Parallax
Well-known member
- Joined
- Nov 16, 2023
- Messages
- 460
- Reaction score
- 456
You can win a Superbowl with an average QB surrounded by an amazing team. You can win a Superbowl with an amazing QB surrounded by an average team. But you need one or the other. Which way is more likely to lead to success in the relatively near future? Hard to say.I admitted you’re damned either way very often. Why not just go with bird in the hand who gets you to the playoffs consistently (ok brink last year) because the glaring, resounding, obvious deficiency on this team is defense. Swing for the first four rounds to fill those holes and even if 1.5 hit we are a playoffs team next year. Miss on QBOTF and we are so far behind the curve it’s crazy and as i alluded earlier, who knows what dominos then fall to allow divisional teams to fill holes.
I pretty much thought i summed it up when I’ve said Mahomes couldn’t carry this defense to the Super Bowl. That’s a foundational argument to my viewpoint. How many top tier picks can we gamble on QB and still be able to return this defense to even slightly above league average? I say none at this point.

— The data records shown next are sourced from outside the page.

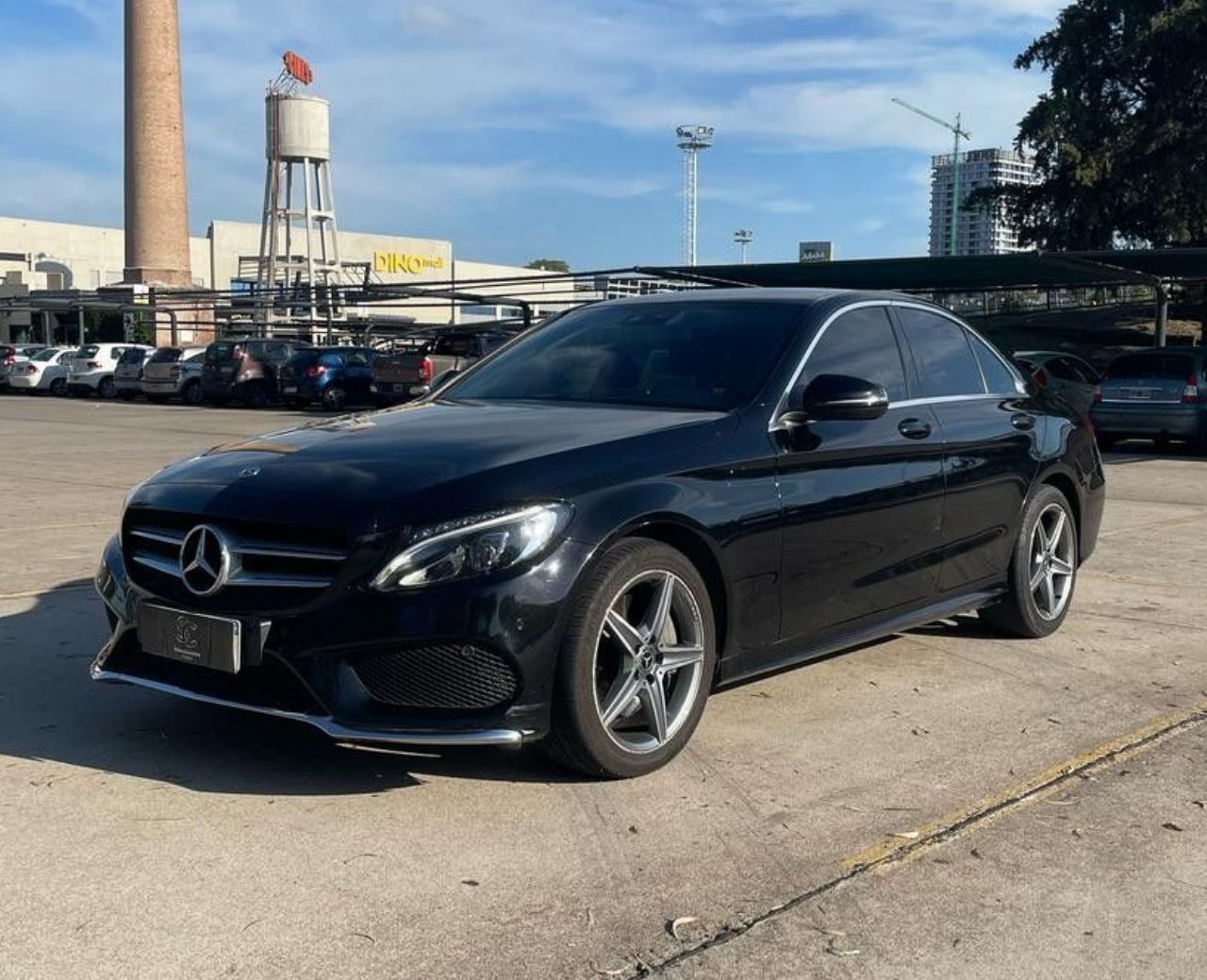 Mercedes Benz Clase C Usado en Córdoba, deRuedas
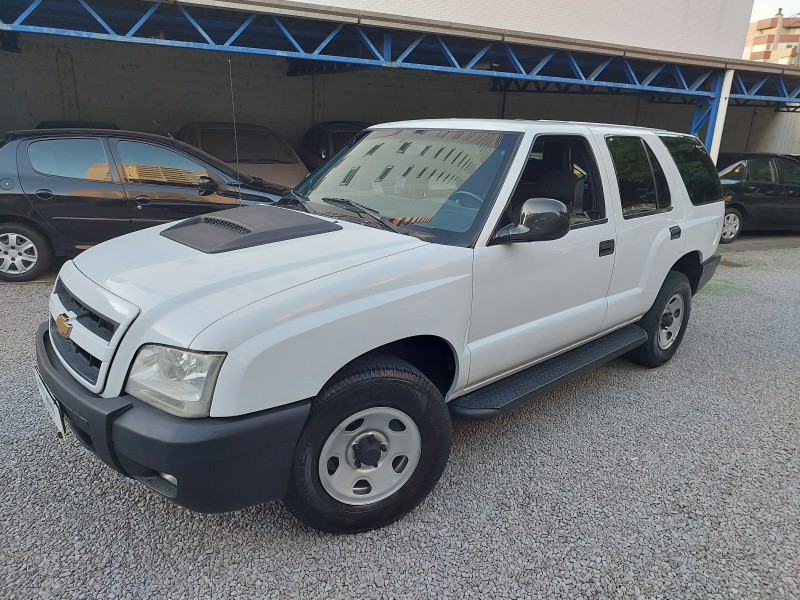 BLAZER 2.4 MPFI ADVANTAGE 4X2 8V FLEX 4P MANUAL - 2011 - BENTO GONçALVES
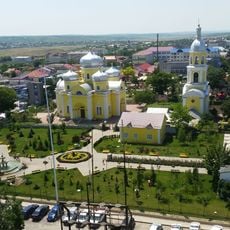 Saint John the Baptist Cathedral in Comrat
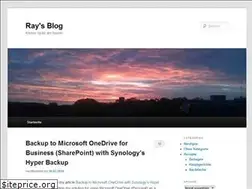Sites similar to rays-blog.de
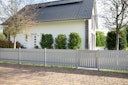 Vorschaubild TraumGarten Alu-Vorgartenzaun Squadra auf Maß
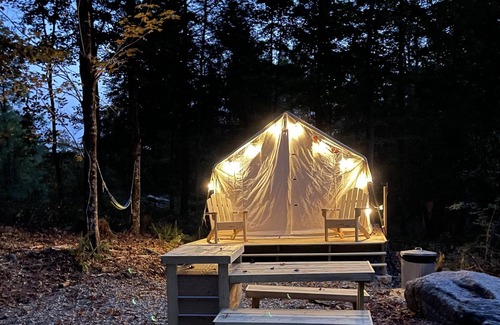 Claremont RV Rental | Tentrr Signature Site - Tranquility Plateau Signature Site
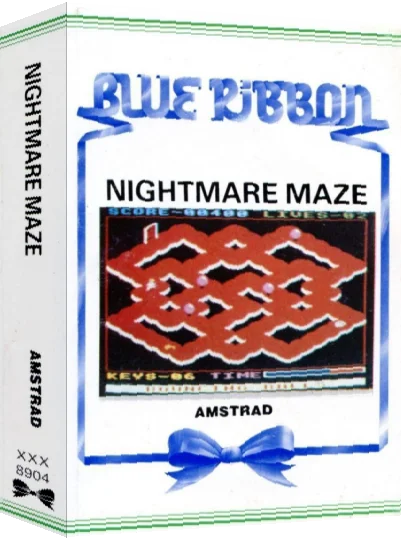 Nightmare Maze — box-3D (EU)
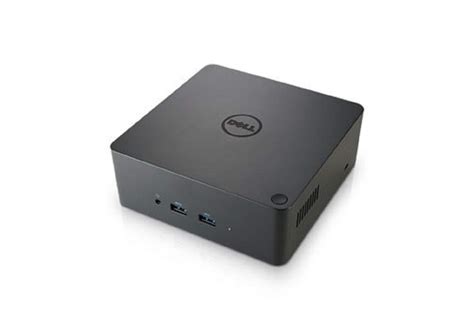 Dell 3gmvt Tb16 Thunderbolt 3 Dock With 240w Adapter Black Buy Online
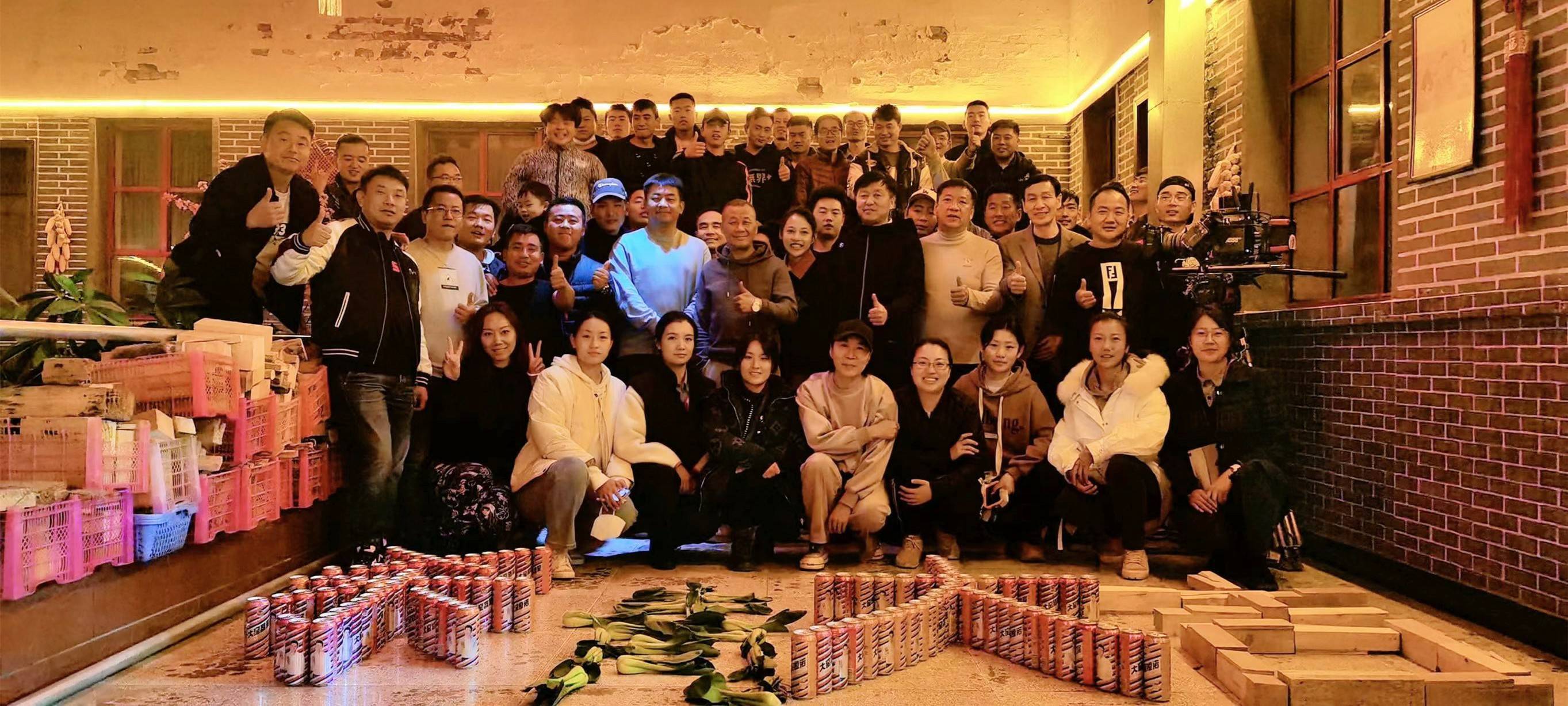 十年磨一剑 《我没有失踪》酒泉杀青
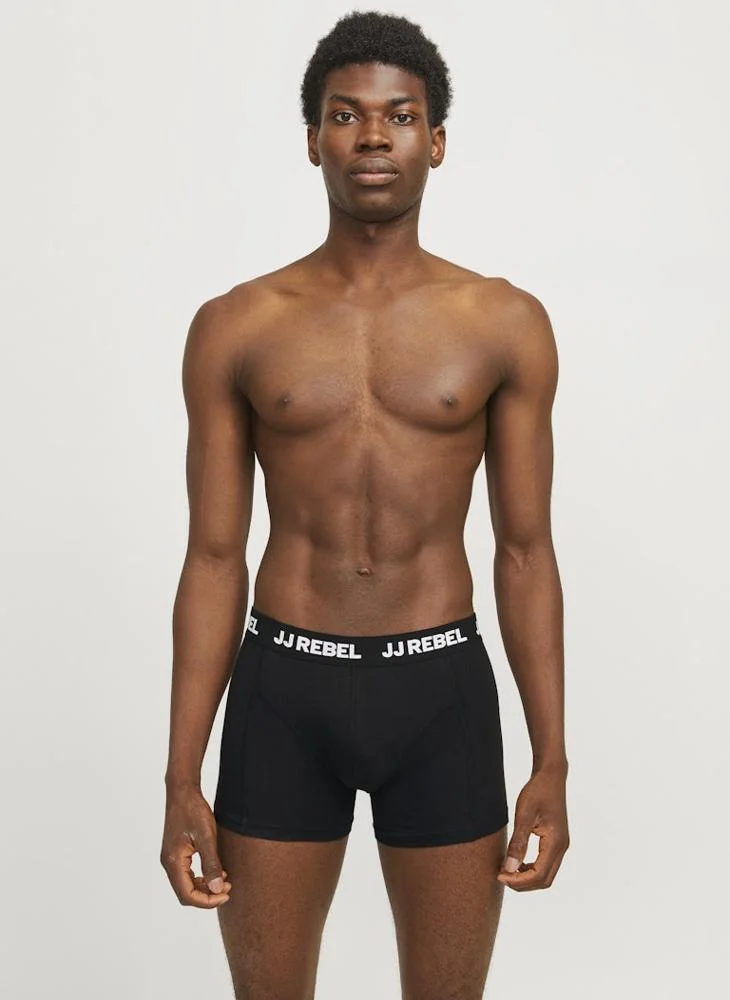 JJ Rebel  3 Pack Logo Trunks for Men | Best Price UAE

The basics in my book are to make sure that every draft you take the top guy available on your board each time you come up to bat. If that's a QB, great. If not, that's fine too.
Fill in with reasonably priced free agents. That means waiting while teams take big swings on expensive guys. Don't spend money or lose compensatory picks in that part of the process. Wait until everything settles down and your comp picks are safe. Then see who's left.
That might mean signing an undervalued guy like Baker Mayfield last year. It might mean swinging for the fences with a guy like Will Levis.
Know that, whichever direction you go, the odds are long. A team can make up for long odds in part by scheming well, creating a healthy culture, coaching well, pounding the weight room, etc. To win a Superbowl will likely take all of that and some dumb luck.